Teachers know that every school is the same, and yet every school is different.
Every school is the same in the sense that they are set up to do ostensibly the same job: most of them have classrooms, teachers, desks, timetables and other things of that ilk. Every school is different in the sense that the culture, expectations and unwritten rules of each and every school is absolutely, completely, insanely and utterly unique.
Even the language, cant and argot of each school is unique. Even for the staff.
In one of my previous schools, the staff codeword for a “bottom set” student was “womble”. Although some might view such terms as demeaning to the students, I believe that the Head of Science who originated it actually used it with genuine affection and humour (try saying it with a Scottish accent through a thick beard for best effect), and I`d like to think that we used it in a like manner too. (I think that it’s certainly less judgemental than “muppet”, although I’m not sure why.)
Teaching a class of wombles is a skill in itself. There are times when you feel like the best teacher in the world: wow, you say to yourself, nearly everyone got that idea — I am a teaching genius!
And then next lesson comes around. Remember what we covered last lesson? you begin with a confident smile, willing and eager to move on. Cue: thirty blank looks and slightly-furrowed brows and you can see the thought “Huh? We were here last lesson…? We did something last lesson…?” forming in their brains. And you realise that you are still at square one. Or, possibly, square zero.

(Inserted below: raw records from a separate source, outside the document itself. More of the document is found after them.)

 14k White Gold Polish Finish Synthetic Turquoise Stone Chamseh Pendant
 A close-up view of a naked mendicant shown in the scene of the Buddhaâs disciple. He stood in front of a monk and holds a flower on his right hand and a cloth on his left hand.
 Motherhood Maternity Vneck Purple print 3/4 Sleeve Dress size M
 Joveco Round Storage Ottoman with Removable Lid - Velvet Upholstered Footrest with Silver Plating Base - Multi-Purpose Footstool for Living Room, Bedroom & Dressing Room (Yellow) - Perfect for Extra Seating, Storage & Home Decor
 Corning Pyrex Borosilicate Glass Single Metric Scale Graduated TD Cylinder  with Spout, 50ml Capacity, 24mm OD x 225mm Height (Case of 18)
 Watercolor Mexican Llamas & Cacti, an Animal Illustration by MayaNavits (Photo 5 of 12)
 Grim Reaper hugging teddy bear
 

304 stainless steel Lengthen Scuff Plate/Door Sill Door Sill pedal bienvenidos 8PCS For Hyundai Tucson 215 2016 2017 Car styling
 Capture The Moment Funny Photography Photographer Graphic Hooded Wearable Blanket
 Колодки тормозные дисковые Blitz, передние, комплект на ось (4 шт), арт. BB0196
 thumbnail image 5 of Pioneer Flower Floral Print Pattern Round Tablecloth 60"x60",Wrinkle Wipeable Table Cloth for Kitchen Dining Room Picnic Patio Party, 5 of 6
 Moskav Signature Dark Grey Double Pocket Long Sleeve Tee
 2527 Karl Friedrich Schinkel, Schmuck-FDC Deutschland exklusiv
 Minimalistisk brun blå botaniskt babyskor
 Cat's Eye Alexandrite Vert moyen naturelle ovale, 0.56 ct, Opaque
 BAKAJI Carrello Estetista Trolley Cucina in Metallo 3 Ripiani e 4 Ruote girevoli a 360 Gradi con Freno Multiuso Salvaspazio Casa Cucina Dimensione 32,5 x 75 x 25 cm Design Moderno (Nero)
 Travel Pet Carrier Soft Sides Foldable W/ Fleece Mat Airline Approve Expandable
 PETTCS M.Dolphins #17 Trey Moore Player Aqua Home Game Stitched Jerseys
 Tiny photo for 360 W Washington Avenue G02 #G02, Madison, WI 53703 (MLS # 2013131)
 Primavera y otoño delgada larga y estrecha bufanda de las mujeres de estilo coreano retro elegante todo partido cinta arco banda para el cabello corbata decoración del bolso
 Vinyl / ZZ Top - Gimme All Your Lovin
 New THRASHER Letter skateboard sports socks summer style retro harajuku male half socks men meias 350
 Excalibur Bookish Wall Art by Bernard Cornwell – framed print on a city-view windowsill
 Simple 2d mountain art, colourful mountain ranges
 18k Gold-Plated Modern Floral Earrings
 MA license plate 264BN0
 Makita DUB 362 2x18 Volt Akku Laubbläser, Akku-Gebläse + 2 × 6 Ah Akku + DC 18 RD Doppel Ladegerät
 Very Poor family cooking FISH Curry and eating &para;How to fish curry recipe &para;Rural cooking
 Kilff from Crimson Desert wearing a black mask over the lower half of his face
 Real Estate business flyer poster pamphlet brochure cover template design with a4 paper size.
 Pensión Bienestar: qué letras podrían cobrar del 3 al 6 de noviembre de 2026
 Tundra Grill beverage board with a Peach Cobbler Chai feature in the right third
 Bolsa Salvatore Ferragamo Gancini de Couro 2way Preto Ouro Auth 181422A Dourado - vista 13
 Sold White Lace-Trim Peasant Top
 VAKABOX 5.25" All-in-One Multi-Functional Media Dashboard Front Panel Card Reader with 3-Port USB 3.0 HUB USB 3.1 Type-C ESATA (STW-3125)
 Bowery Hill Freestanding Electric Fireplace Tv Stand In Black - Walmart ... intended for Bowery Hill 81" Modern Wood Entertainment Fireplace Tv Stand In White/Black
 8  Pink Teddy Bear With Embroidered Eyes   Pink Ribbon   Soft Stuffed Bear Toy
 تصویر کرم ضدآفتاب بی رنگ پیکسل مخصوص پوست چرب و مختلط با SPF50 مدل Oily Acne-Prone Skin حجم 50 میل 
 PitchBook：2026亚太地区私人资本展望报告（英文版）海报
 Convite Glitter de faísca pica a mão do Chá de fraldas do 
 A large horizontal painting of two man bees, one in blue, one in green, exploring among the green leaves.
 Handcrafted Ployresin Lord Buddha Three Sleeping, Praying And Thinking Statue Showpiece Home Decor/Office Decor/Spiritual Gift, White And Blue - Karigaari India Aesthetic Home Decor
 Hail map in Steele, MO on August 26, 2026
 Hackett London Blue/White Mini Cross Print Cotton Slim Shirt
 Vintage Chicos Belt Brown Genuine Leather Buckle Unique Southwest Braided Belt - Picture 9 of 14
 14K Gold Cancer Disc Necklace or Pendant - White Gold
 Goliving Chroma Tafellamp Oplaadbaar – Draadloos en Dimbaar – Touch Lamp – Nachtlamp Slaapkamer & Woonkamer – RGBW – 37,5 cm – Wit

Not that I am suggesting that we should give up. I am game to try and keep trying and keep on trying.
The point I want to make is simply that so much of educational discourse ignores the both the existence and the needs of the wombles.
Part of the problem is that education in the UK is still very narrowly focused on academic achievement: if you don’t get into Oxbridge then you’re a failure. Oh, and it’s your fault. And your teachers, of course.
I cannot shake the feeling that what are we going to do about the wombles? is a question that is not asked often enough. We concentrate on the A*-C grades (and anyone who can be cajoled or armtwisted into getting a C), and are seemingly content to allow those getting below those grades to think of themselves as failures.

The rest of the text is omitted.